The institutional racism around the University of Chicago persists in our present moment. Racist housing practices, police brutality, and economic deprivation has worked together to split Chicago into two economic extremes: an affluent and mostly-white Northside, and a poor and mostly-Black Southside. From 1983-1986, Chicago’s racial tensions boiled over after Harold Washington, a Black man, was elected as mayor. The white alderman formed a coalition and voted down all his reforms. This political gridlock created on racial lines was termed “Beirut by the Lake” by the Wall Street Journal and the phrase caught on. Through this discourse, the political failures of Chicago, its divided landscape and deep-seeded racial hatred was imagined not as a story of the United States, but rather a story of the Middle East.
In 2015, Spike Lee released a film titled “Chiraq”—a term coined by Chicago rapper King Louie in 2009 in a song entitled Chiraq Drillinois as a way to articulate and imagine the violence of the Southside. The term has been contested by many Black Chicago residents as inaccurately depicting life in Chicago’s Black neighborhoods and many of them critiqued the film and its framing of Chicago as “Chiraq” for presenting an inauthentic depiction of life in Chicago’s South and West Sides. In this way, the articulations “Beirut by the Lake” and “Chiraq” (as conceived by Spike Lee) doubly-displace the violence of the US state; they inaccurately depict both the political and racial origins of violence both in the Middle East and in Chicago, conjuring imagined landscapes of both areas that hide the real history and meanings of their respective violence.

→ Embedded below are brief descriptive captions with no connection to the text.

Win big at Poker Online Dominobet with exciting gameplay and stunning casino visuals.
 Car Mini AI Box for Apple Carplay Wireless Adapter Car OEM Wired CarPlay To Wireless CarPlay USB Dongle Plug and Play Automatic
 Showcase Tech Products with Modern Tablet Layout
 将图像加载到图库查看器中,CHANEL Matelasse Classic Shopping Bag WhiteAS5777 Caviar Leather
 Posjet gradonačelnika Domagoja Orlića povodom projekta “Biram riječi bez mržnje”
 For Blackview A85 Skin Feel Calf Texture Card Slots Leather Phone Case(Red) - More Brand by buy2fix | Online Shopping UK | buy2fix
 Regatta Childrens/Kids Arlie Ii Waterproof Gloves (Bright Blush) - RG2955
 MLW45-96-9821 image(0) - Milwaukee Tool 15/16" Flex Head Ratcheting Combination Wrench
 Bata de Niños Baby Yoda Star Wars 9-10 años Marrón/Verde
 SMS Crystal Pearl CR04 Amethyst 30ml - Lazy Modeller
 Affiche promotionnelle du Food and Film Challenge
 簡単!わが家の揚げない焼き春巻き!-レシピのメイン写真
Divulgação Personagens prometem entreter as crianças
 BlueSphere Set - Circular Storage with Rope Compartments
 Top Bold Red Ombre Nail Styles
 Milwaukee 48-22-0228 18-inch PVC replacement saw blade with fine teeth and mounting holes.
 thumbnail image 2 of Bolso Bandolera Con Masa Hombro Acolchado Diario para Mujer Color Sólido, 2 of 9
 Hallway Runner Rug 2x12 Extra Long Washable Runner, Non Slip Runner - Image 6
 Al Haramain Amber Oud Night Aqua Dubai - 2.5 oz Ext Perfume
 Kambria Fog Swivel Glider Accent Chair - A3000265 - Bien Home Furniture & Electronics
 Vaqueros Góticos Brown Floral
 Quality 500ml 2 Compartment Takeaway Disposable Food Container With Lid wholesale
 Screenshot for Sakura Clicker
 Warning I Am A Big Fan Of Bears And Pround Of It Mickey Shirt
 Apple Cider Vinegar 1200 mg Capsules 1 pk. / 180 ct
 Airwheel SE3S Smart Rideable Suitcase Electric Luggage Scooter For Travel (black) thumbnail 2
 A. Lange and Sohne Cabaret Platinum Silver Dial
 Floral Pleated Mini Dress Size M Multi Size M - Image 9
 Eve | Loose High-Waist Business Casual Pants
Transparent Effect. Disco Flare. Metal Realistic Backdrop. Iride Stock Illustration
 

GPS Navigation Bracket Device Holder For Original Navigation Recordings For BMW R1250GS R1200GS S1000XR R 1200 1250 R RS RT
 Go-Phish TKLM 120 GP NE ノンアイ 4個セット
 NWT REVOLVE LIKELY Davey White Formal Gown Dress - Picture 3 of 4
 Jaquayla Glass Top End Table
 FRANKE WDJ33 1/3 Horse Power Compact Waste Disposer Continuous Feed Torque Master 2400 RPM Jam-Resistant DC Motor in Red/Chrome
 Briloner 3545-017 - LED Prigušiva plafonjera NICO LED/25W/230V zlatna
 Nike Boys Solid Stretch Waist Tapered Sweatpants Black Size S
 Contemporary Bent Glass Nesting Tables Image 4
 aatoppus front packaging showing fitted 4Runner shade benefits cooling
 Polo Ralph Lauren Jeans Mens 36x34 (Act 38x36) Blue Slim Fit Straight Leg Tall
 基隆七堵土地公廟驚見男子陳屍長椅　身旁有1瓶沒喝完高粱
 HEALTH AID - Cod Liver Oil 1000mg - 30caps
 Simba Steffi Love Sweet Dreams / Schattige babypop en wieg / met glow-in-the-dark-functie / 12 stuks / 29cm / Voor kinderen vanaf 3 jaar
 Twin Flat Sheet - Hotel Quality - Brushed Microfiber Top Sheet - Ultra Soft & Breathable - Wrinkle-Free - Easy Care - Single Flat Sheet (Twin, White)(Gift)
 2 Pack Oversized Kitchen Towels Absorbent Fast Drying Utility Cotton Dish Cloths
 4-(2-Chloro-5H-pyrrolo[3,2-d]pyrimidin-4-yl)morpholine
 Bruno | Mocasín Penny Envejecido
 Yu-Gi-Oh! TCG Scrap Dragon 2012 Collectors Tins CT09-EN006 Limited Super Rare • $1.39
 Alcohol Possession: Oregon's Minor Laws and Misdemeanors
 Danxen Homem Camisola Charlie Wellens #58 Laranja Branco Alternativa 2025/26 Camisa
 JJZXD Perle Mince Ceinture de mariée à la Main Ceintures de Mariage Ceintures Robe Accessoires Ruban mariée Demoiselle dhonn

It is difficult to describe the walk between “Chiraq” and the Oriental Institute. Even now, I think of them as different worlds, different planets. I could say it’s like walking from Dwight Street to Calhoun College here in New Haven. Perhaps confronting the spaces we live in, the segregation and racialized economies that define our cities, will allow us to see ourselves and the rest of the world in more clear ways. Because, in the end, how can we know what Middle East is when we seem to have no language to describe the space here in the United States?